Furthermore, this is coming on top of an established repertoire of excelling in all of the so-called “little things,” which are encapsulated in the embedded video.
There is also an element of physicality and competitive gusto to Reinhart’s game, which has occasionally incurred suspensions but is useful more often than not.
Toronto’s top-ranked prospect in the eyes of NHL.com and Hockey's Future, Morgan Rielly is considered to be up in the air between breaking into The Show or utilizing his final year of junior eligibility in 2013-14.
The latter would not necessarily hurt given that he spent all of last season replenishing his game after sitting out the bulk of 2011-12 with an ACL injury. On the other hand, he may be removed from that far enough that a mind-blowing impression at training camp is not out of the question.
Renowned primarily for his offensive prowess (though he is hardly a slouch in his day job), Rielly had enough in him post recovery to play 60 games for Moose Jaw and amass 54 points. The chief reason he missed some of his Western League schedule was because he represented Canada at the 2013 World Juniors.
Still eligible for an additional junior season, he saw substantial AHL playoff action with the Toronto Marlies after Moose Jaw’s most recent campaign ended. His first performances among pros, more than anything else, have spawned the speculation among local pundits that he may have outgrown the amateur ranks.
Like the aforementioned Nurse, his fellow 2013 first-rounder, Rasmus Ristolainen has drawn Pronger parallels. To take that a step further, he has embraced that idea by telling the likes of NHL.com’s Mike G. Morreale that he takes Pronger as his blue-line blueprint.
Matias Strozyk of Elite Prospects highlights the following elements of Ristolainen’s skill set
He is a calm player with good two-way ability and a mature style of play…moves the puck with confidence, has a good shot from the point…has an NHL-ready frame and has gained a lot of strength while playing in SM-liiga.
SM-Liiga is Finland’s top professional circuit, which Ristolainen has competed in for two seasons and 92 games.
This league also had such notable names as Aleksander Barkov, Mikkel Boedker, Erik Karlsson and Ville Nieminen competing for all or part of 2012-13. In addition, during the lockout, Ristolainen practiced with such TPS teammates as Mikko Koivu, Lauri Korpikoski, Alec Martinez, Kris Russell and Kevin Shattenkirk.
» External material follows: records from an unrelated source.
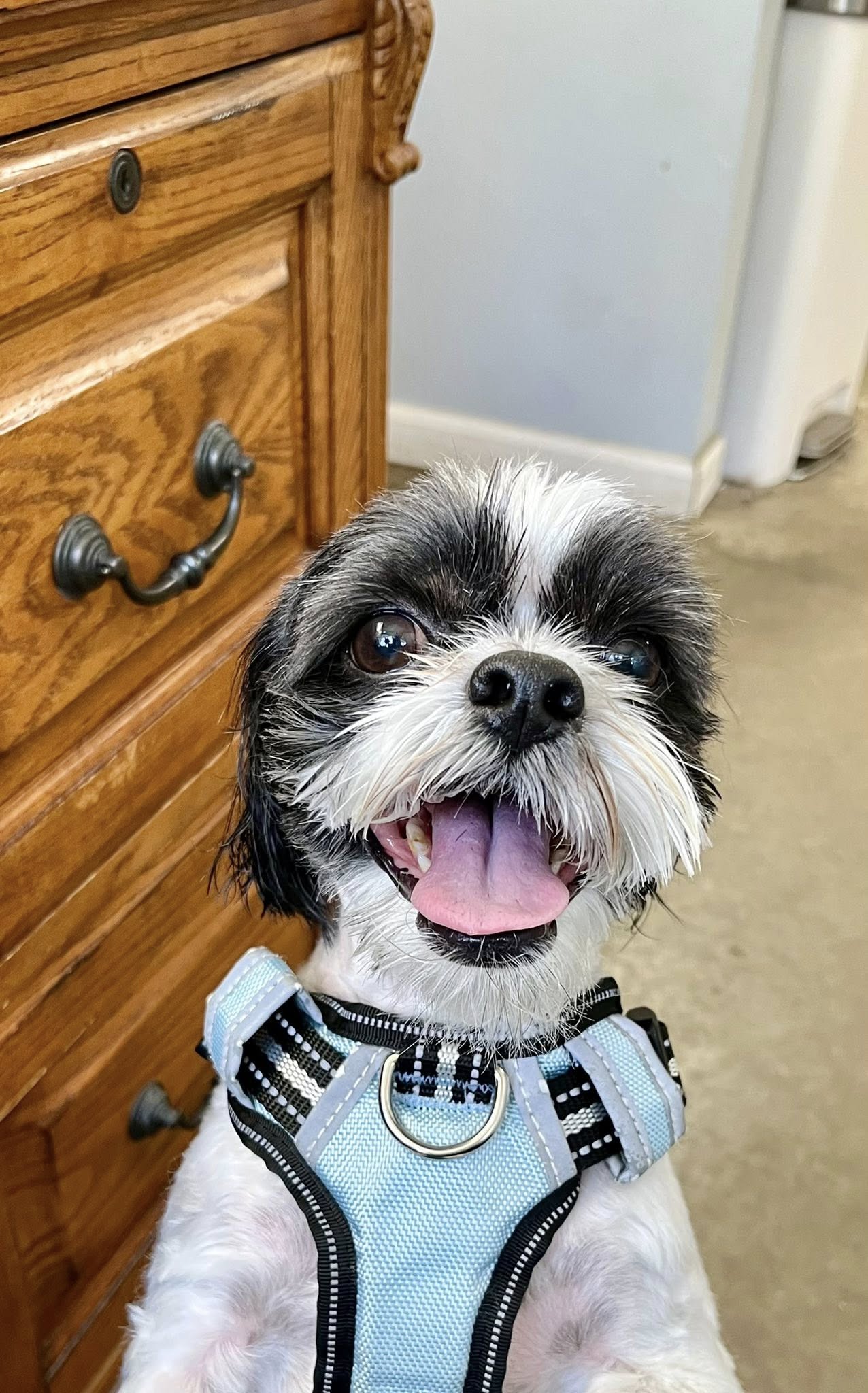 Tails of the City Dog Spa Beloit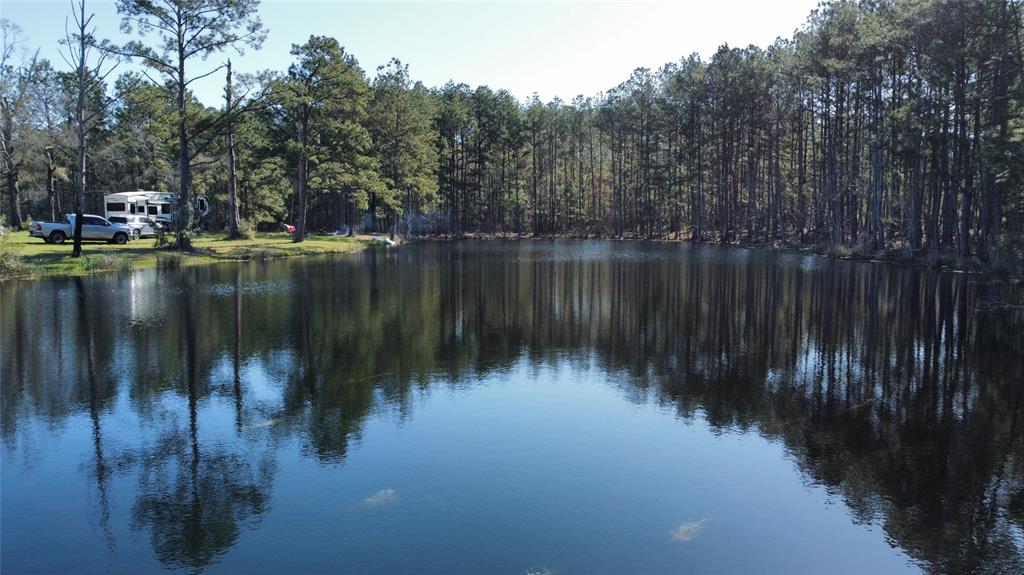 1615 Bob Williams Road, Thicket, Texas image 14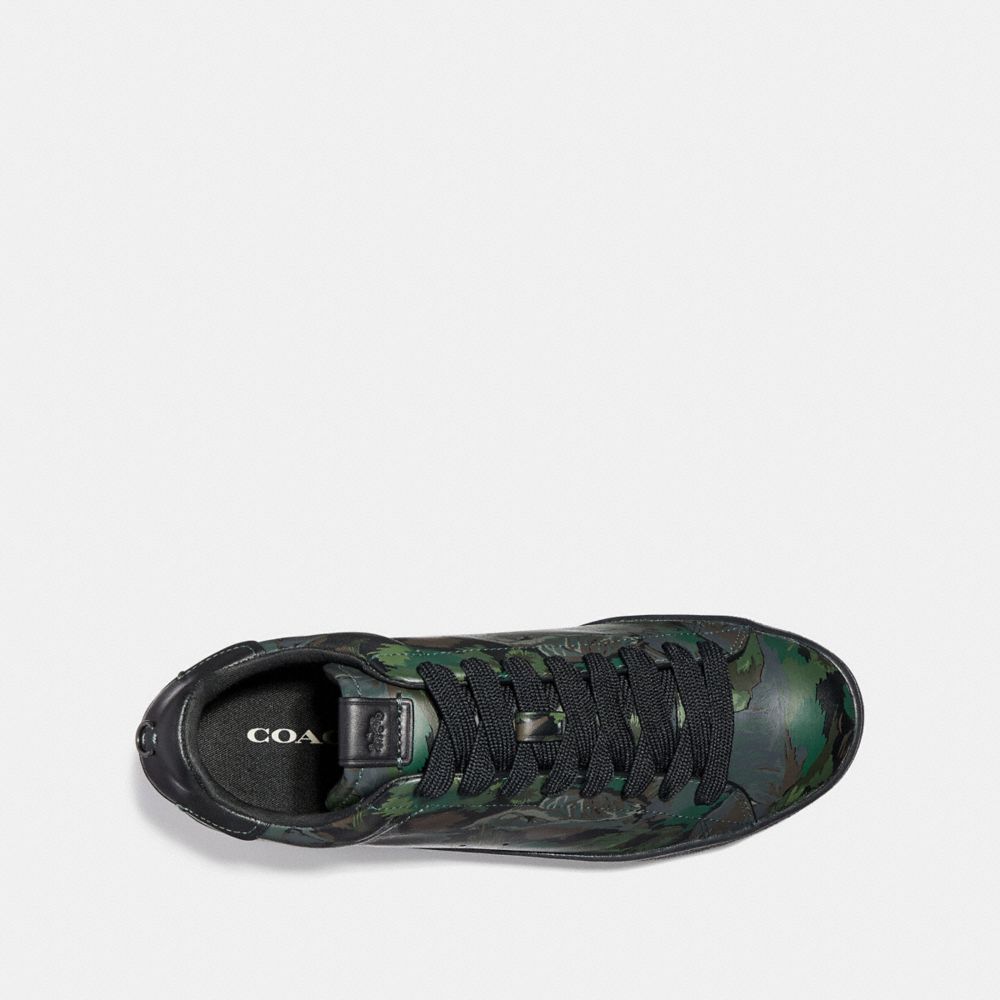 C101 Avec Paysage Western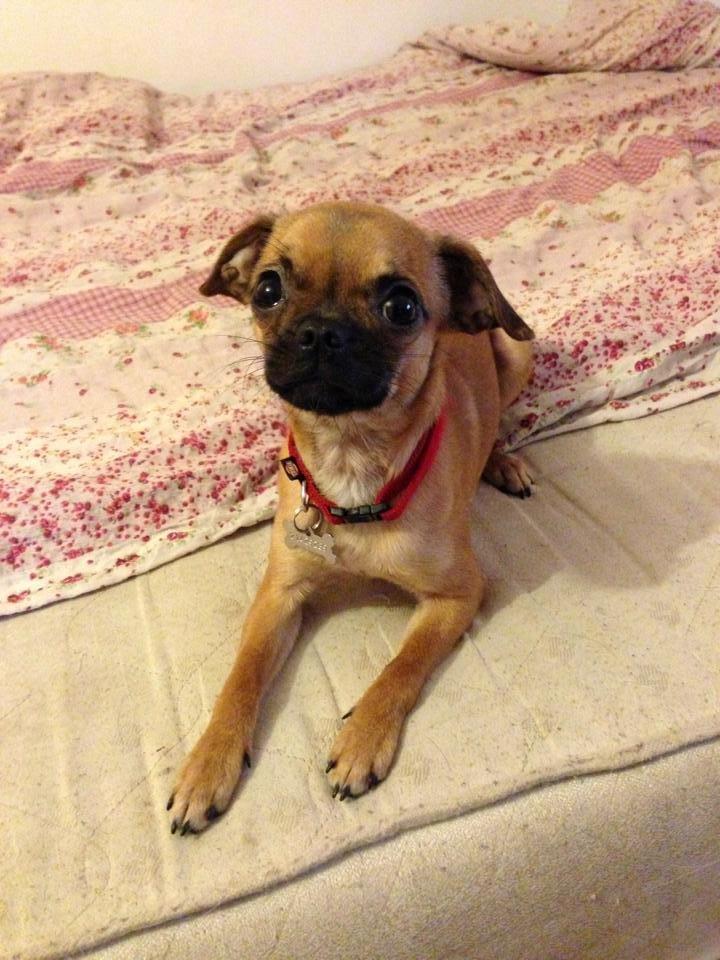 Blanding af racer Valter billede 7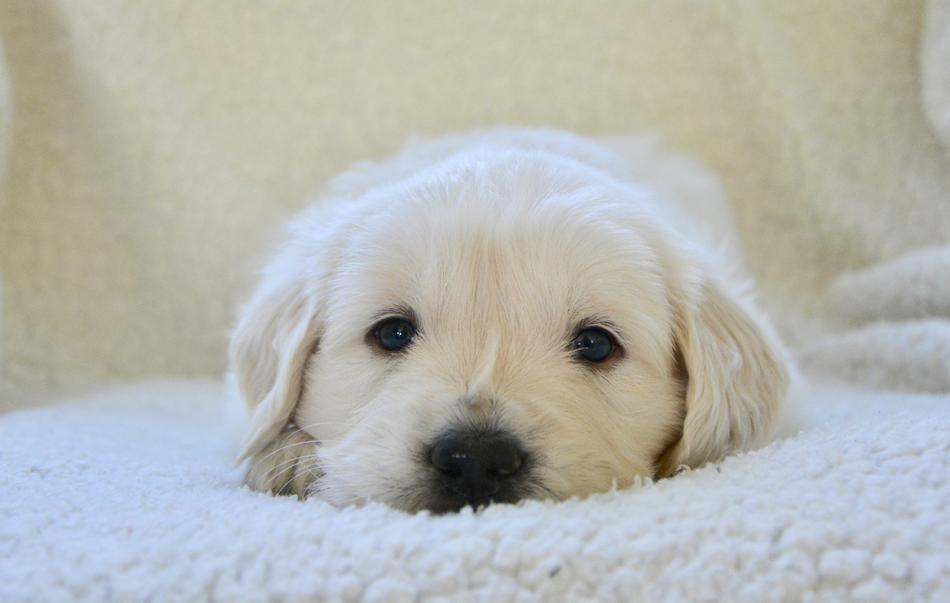 Puppy Golden Retriever Dog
With that much advanced seasoning by playing among men as a boy, he should bring an outstanding compete level across the pond once he is set to join the Buffalo Sabres.
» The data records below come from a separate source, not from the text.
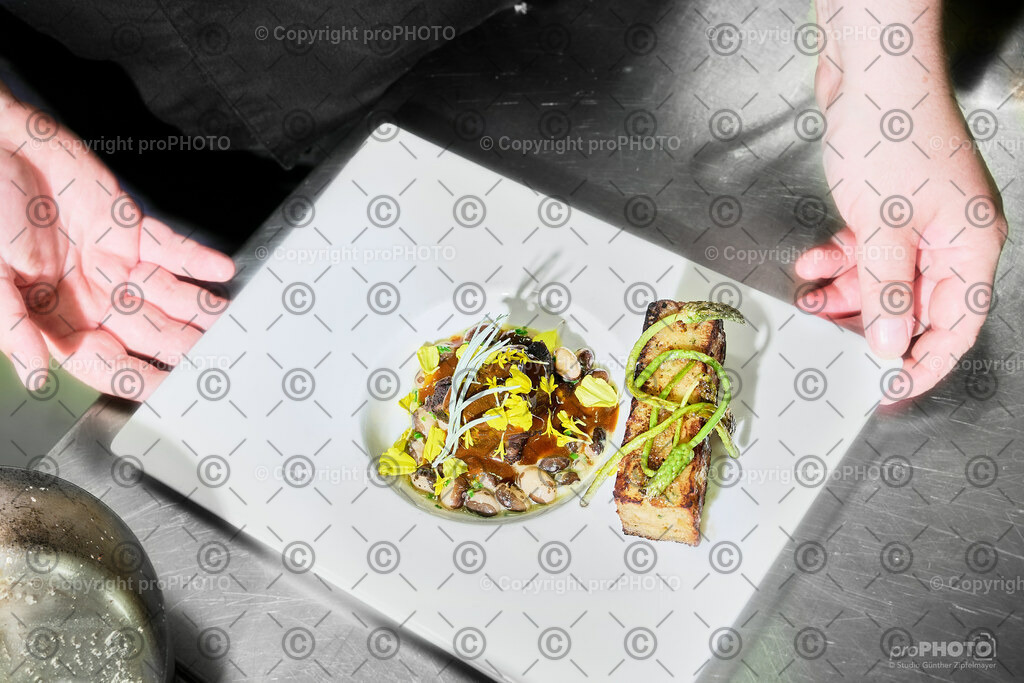 _prophoto_NZ93598 | proPHOTO - Realisiert mit Pictrs.com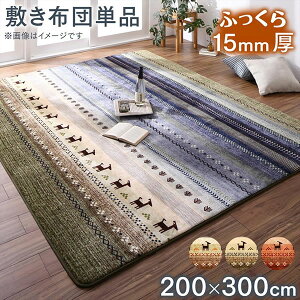 p~zc 200×300cm 15mm ~zc ~zc ~zc R^c~zc ~zc R^c~zc ~ӂƂ R^c~ӂƂ g[Ή O O}bg h~ h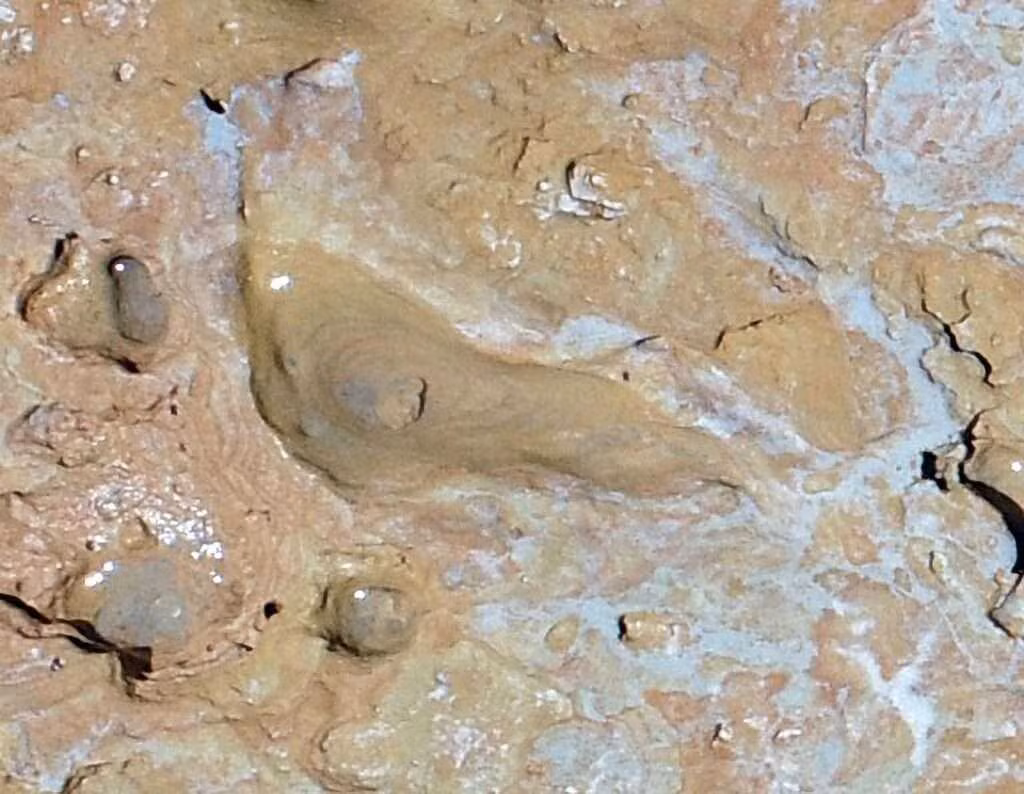 Tiến sĩ Eduardo Mayoral, tác giả chính của nghiên cứu cho hay loài vượn người trên sống cách đấy khoảng 295.800 năm.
In late April, it appeared that Jarred Tinordi would be moving up from Hamilton to Montreal as a Black Ace for the Northeast Division champion Canadiens’ playoff run.
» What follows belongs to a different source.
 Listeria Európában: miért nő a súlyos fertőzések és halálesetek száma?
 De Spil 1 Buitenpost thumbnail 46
As it happened, that run lasted only five games, but he got in on the action against Ottawa and gave everyone a glimpse of what he can do down the road. Seasoned reporters who were on the scene for that series, particularly ESPN.com’s Pierre LeBrun, likened the imposing youngster to his father, Mark Tinordi, a former brawny blueliner who played 663 NHL games in 12 seasons.
The younger Tinordi, born in Minnesota during his father’s North Star days, is two inches taller and two pounds heavier at 6'6", 215 pounds.
Besides the AHL debut and 2013 NHL postseason where he left off, he has battle tested that body with the U.S. National Team Development Program and the London Knights. He capped off his amateur career by captaining the latter team to the 2012 OHL playoff title.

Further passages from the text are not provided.